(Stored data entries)

Start of Block

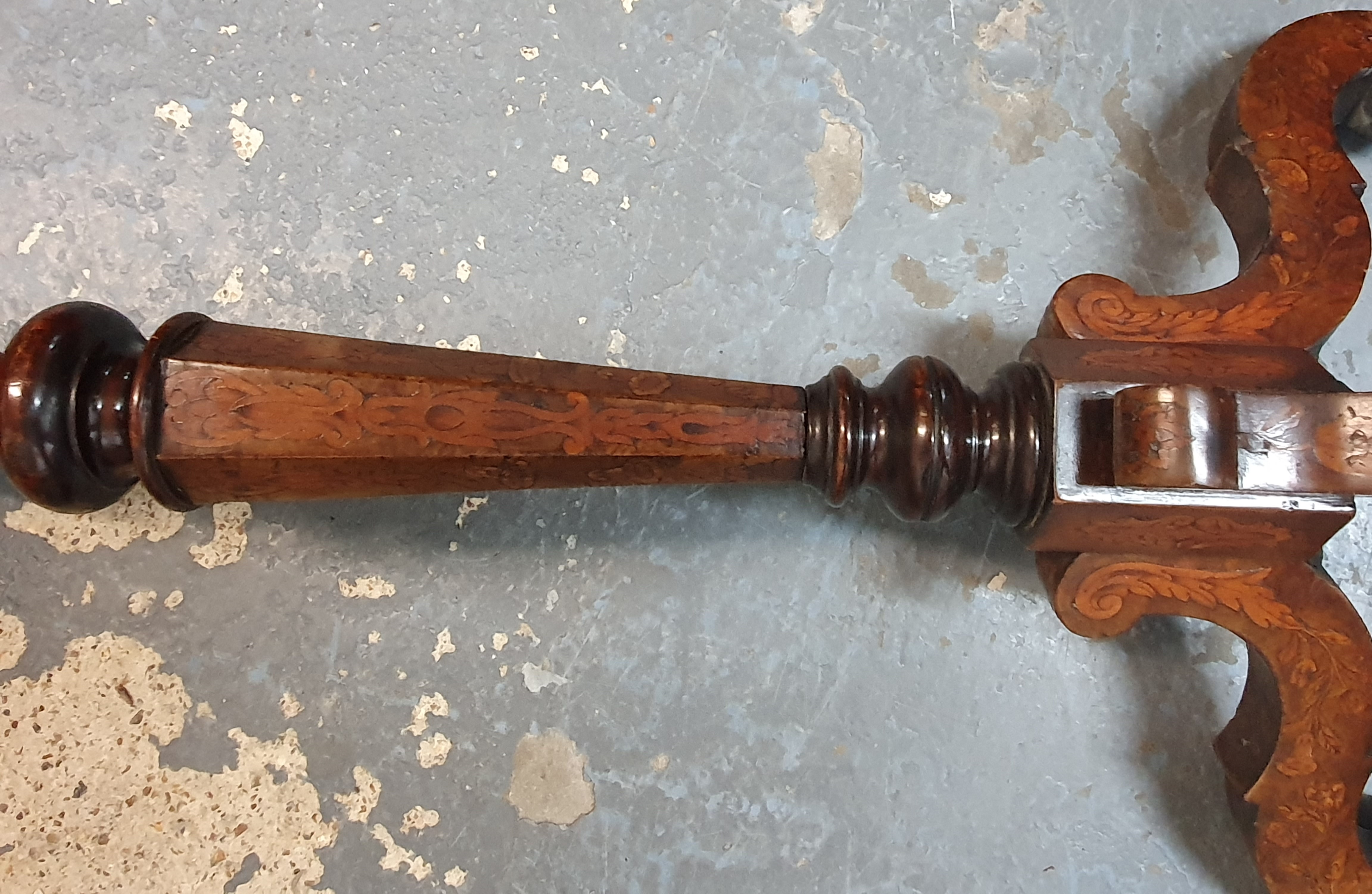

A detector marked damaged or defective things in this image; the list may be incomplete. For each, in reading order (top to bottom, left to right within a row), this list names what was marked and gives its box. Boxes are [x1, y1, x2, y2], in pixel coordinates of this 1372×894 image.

chipped paint [785, 0, 823, 35]
flaking paint patch [971, 0, 1043, 50]
chipped paint [971, 0, 1043, 51]
chipped paint [153, 101, 192, 131]
chipped paint [228, 117, 262, 162]
flaking paint patch [966, 59, 1081, 164]
chipped paint [966, 59, 1081, 164]
flaking paint patch [1097, 62, 1196, 230]
chipped paint [1103, 63, 1191, 230]
flaking paint patch [801, 114, 856, 241]
chipped paint [801, 114, 856, 241]
chipped paint [213, 266, 248, 304]
chipped paint [889, 253, 955, 308]
flaking paint patch [889, 255, 955, 311]
chipped paint [3, 485, 185, 554]
flaking paint patch [5, 482, 185, 551]
flaking paint patch [188, 502, 252, 565]
chipped paint [189, 499, 251, 570]
flaking paint patch [337, 573, 398, 600]
chipped paint [337, 576, 398, 598]
flaking paint patch [0, 614, 26, 669]
chipped paint [0, 614, 26, 669]
chipped paint [433, 628, 455, 664]
chipped paint [278, 691, 303, 718]
chipped paint [406, 691, 450, 735]
flaking paint patch [406, 691, 450, 735]
chipped paint [521, 661, 571, 694]
flaking paint patch [1, 630, 339, 888]
chipped paint [1, 630, 339, 888]
chipped paint [329, 768, 379, 823]
flaking paint patch [337, 768, 387, 823]
chipped paint [401, 806, 439, 834]
flaking paint patch [401, 806, 439, 834]
chipped paint [417, 735, 455, 768]
flaking paint patch [417, 735, 455, 768]
chipped paint [505, 724, 590, 823]
flaking paint patch [505, 724, 590, 823]
chipped paint [370, 823, 428, 877]
flaking paint patch [370, 823, 428, 877]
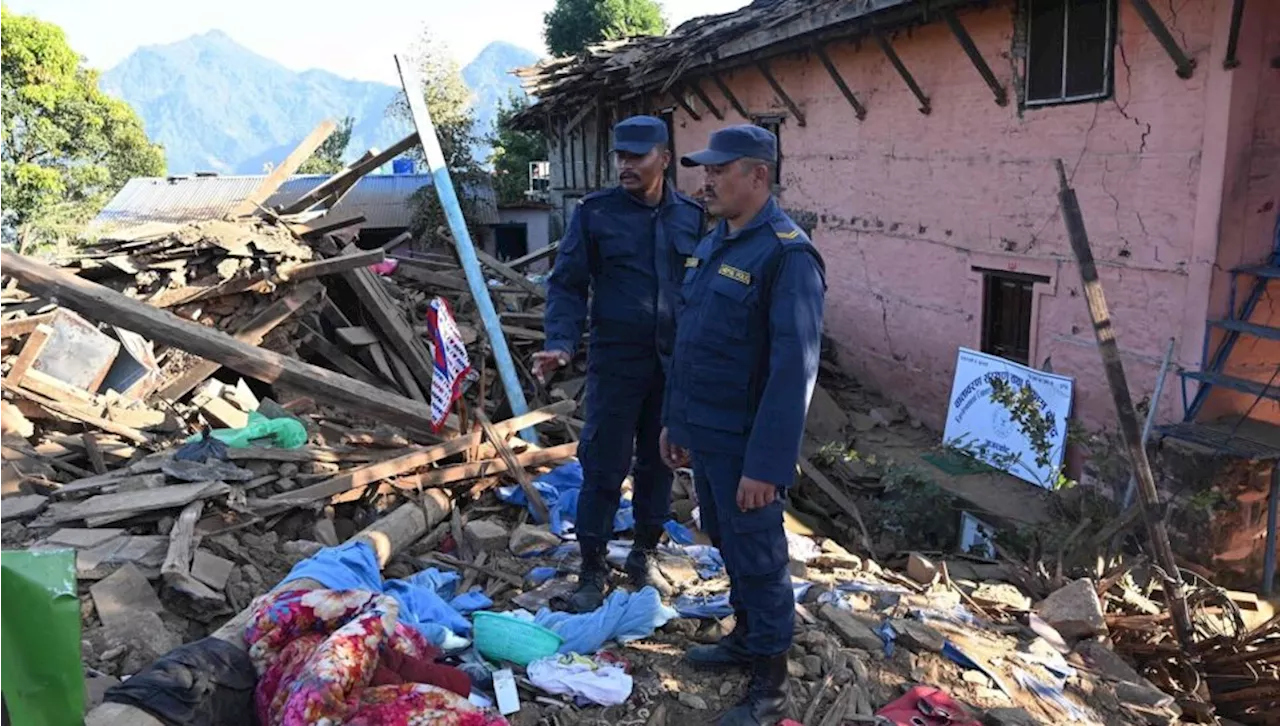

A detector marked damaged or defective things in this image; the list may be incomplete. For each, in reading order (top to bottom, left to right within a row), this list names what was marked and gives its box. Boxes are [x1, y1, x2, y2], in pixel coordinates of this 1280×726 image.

broken wooden plank [230, 119, 337, 218]
broken wooden plank [280, 132, 419, 215]
cracked wall [670, 0, 1239, 432]
broken wooden plank [473, 247, 547, 298]
broken wooden plank [0, 249, 442, 435]
broken wooden plank [158, 280, 325, 404]
broken wooden plank [335, 327, 378, 348]
broken wooden plank [1, 381, 149, 443]
broken wooden plank [264, 399, 576, 509]
broken wooden plank [476, 414, 545, 522]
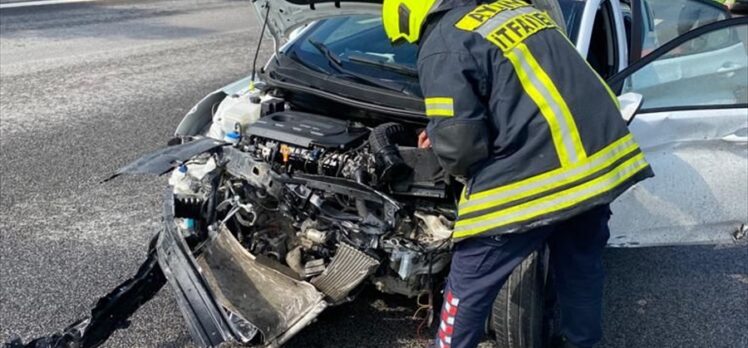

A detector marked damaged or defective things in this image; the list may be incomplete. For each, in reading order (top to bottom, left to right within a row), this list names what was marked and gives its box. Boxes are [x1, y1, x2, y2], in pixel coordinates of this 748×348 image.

crumpled metal panel [197, 226, 326, 346]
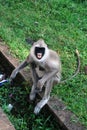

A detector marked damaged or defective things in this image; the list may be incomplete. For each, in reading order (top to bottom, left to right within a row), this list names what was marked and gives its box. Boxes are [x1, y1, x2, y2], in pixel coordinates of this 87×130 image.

cracked concrete edge [0, 42, 85, 130]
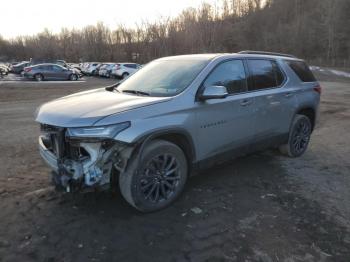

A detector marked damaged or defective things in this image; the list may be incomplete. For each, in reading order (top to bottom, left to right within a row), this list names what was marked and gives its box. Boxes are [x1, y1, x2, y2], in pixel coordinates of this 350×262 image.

broken headlight assembly [66, 122, 131, 140]
crumpled hood [35, 87, 171, 127]
damaged chevrolet traverse [35, 52, 320, 212]
parked damaged vehicle [35, 52, 320, 212]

End of Block

* **What is required**: Exactly as written, set down the lines from the line holding "this 87×130 image." to the last line of the data, both ends included, pictures excluded.

* **The answer**:
A detector marked damaged or defective things in this image; the list may be incomplete. For each, in reading order (top to bottom, left to right within a row), this list names what was marked and gives its box. Boxes are [x1, y1, x2, y2], in pixel coordinates of this 87×130 image.

cracked concrete edge [0, 42, 85, 130]

A detector marked damaged or defective things in this image; the list may be incomplete. For each, in reading order (top to bottom, left to right within a row), this list names what was marked and gives its box. Boxes are [x1, y1, x2, y2], in pixel coordinates of this 350×262 image.

broken headlight assembly [66, 122, 131, 140]
crumpled hood [35, 87, 171, 127]
damaged chevrolet traverse [35, 52, 320, 212]
parked damaged vehicle [35, 52, 320, 212]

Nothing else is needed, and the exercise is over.